An S4 object of type QDNAseqCopyNumbers.

min_ploidy, max_ploidy

the range of ploidies.

ploidy_step

the stepwise increment of ploidies along the grid.

min_cellularity, max_cellularity

the range of cellularities.

cellularity_step

the stepwise increment of cellularities along the grid.

distance_function

the distance function to use, either "MAD" for the mean absolute difference or "RMSD" for the root mean square difference, where differences are between the fitted absolute copy number values and the nearest whole number.

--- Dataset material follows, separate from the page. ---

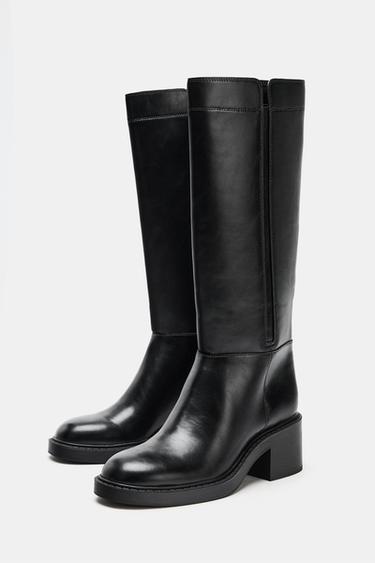 BOTTES À TALONS BLOC - Noir de Zara - Image 3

distance_filter_scale_factor

the distance threshold above which solutions will be discarded as a multiple of the solution with the smallest distance.

max_proportion_zero

the maximum proportion of fitted absolute copy number values in the zero copy number state.

min_proportion_close_to_whole_number

the minimum proportion of fitted absolute copy number values sufficiently close to a whole number.

max_distance_from_whole_number

the maximum distance from a whole number that a fitted absolute copy number can be to be considered sufficiently close.

solution_proximity_threshold

how close two solutions can be before one will be filtered; reduces the number of best fit solutions where there are many minima in close proximity.

keep_all

set to TRUE to return all solutions but with additional best_fit column to indicate which are the local minima that are acceptable solutions (may be useful to avoid computing the distance grid twice)

Value

a dataframe containing the calculated solutions. Each solution includes: sample_id, ploidy, celluarity, and distance.